L'équipe des costumes a également joué un rôle crucial pour donner un look authentique digne des années 80 au film. C'est Sam Dightam qui a conçu les tenues des personnages principaux, mais aussi ceux des centaines de figurants. Il explique sa méthode de travail : «J'ai commencé par le ska et on a étudié les groupes comme The Specials et The Selecter. La tenue des hommes se résume en gros à des chapeaux de feutre ronds et aux bretelles et on a choisi comme couleurs thématiques le rouge, le bleu roi et le violet.

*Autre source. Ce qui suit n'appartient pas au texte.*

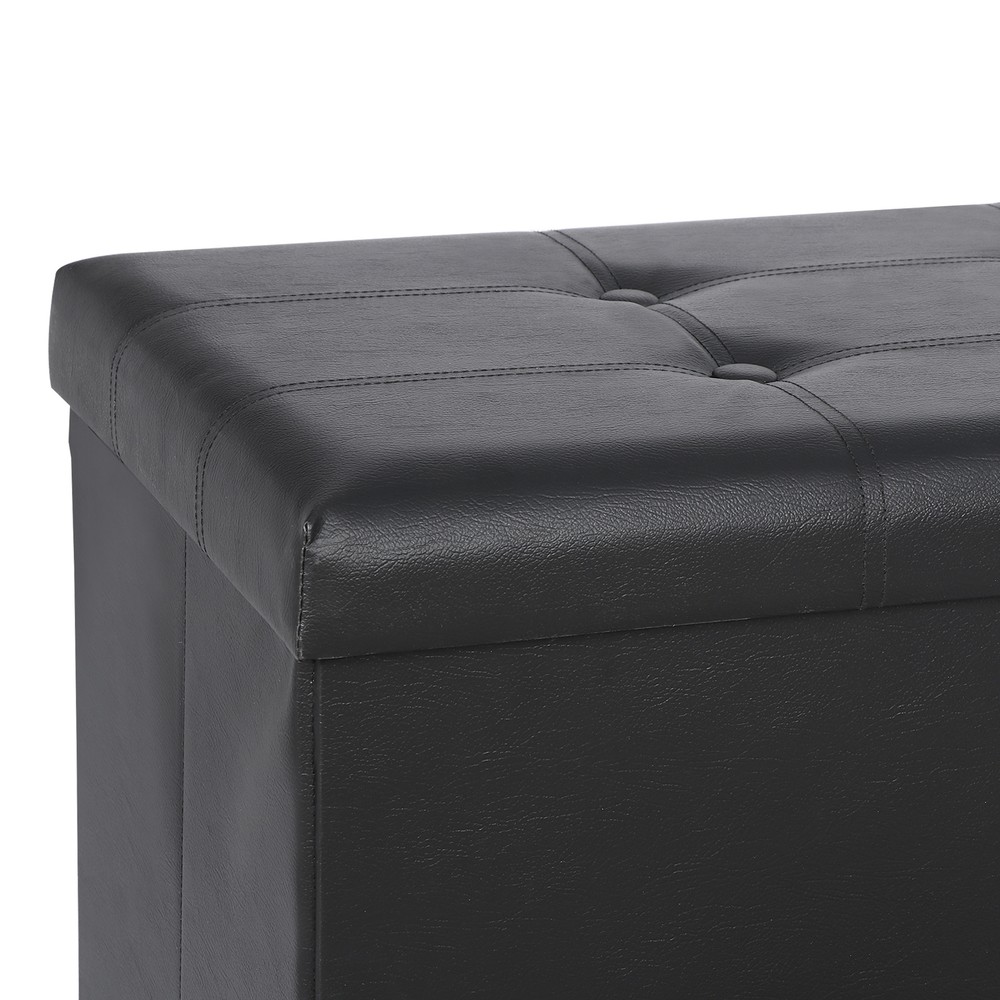 Black Folding Storage Ottoman Bench Storage Stools Footrest for Home Storage Use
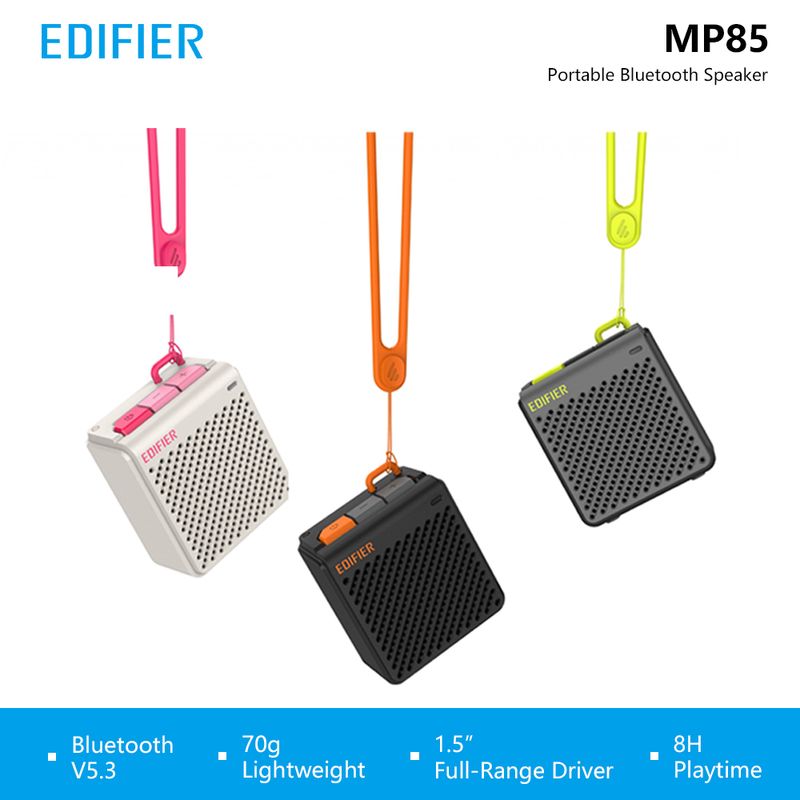 Edifier MP85 ลําโพงบลูทูธไร้สาย แบบพกพา น้ําหนักเบา 70 กรัม 8H สําหรับตั้งแคมป์ ท่องเที่ยว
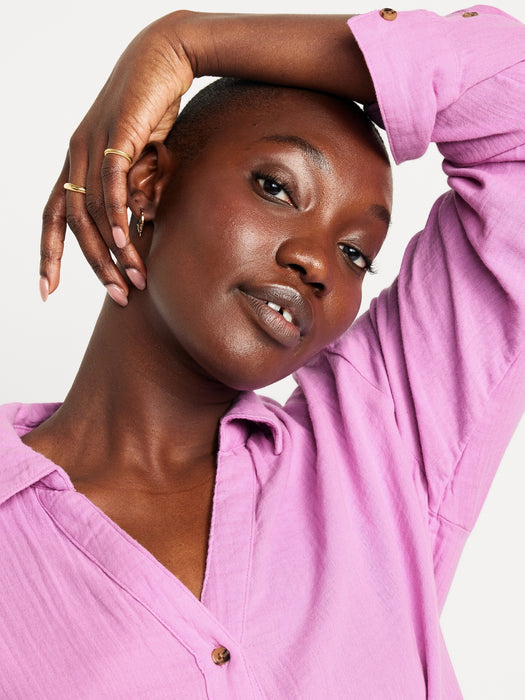 Crinkle Gauze Button-Down Boyfriend Shirt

Elles sont toutes liées au décor de la boîte de nuit pour donner l'idée que les gens et la boîte forment une seule et même personne.» C'est ainsi que dès le début du tournage, Sam et son équipe ont transformé le plateau en une explosion vivante et ambulante de chapeaux de feutre ronds, de costumes aux couleurs vives, de bretelles, de cols, de foulards, de cheveux crêpés, de minijupes et de talons hauts.

 

Adaptation

The Club est une adaptation du livre Watch My Back de Geoff Thompson, qui est également le scénariste du film. Ce livre est en quelque sorte une œuvre autobiographique. Très jeune, il s'est mis à pratiquer les arts martiaux, et si le jour il travaillait à l'usine ou livrer des pizzas, la nuit il travaillait en tant que videur dans une boîte de nuit. Il se bâtit vite une réputation de videur non violent et efficace, basée sur la crainte et le respect. Cependant, avec son équipe, il avait créé des nouvelles techniques adaptées au milieu fermé du Night-Club, lui permettant de neutraliser les adversaires sérieux. De ce fait, il incarnait à la fois la police, le juge, le jury et infligé de sérieuses corrections à tous ceux qui allaient trop loin. Mais il était hanté par un rêve qu'il n'osait pas entreprendre: celui de devenir écrivain. Un jour, après la mort d'un de ses collègues videurs lors d'une agression, il s'est rendu compte qu'il devenait dépendant de cette existence hors-la-loi et violente de videur, et a décidé de changer de vie. C'est ainsi qu'il s'est mis à écrire son livre durant les temps de pause. Ainsi est né Watch My back, qui est devenu un Best Seller.

 

Un financement original

Traditionnellement, pour trouver le budget nécessaire à la réalisation d'un film, les producteurs doivent pré-vendre leurs droits à différents territoires. Le reste du budget est trouvé via les banques ou structures similaires. C'est le genre d'accord auquel s'attendent les diffuseurs et les financiers. Mais cette fois-ci, Formosa Films a opté pour un autre modèle: le financement du film vient d'investisseurs privés et de la ville, ce qui a permis à la société de conserver les droits d'exploitation et de payer les investisseurs en fonction du succès du film. De plus, tous les investisseurs privés ont été invité à apparaître en tant que figurant. Pour Paul Coe, un des investisseurs, cela a été pour lui une expérience qui risque d'être le début d'une nouvelle carrière. Ayant été figurant, il s'est peu a peu retrouvé à donner un coup de main à l'équipe technique, pour à la fin du tournage, faire partie intégrante de l'équipe du premier assistant réalisateur.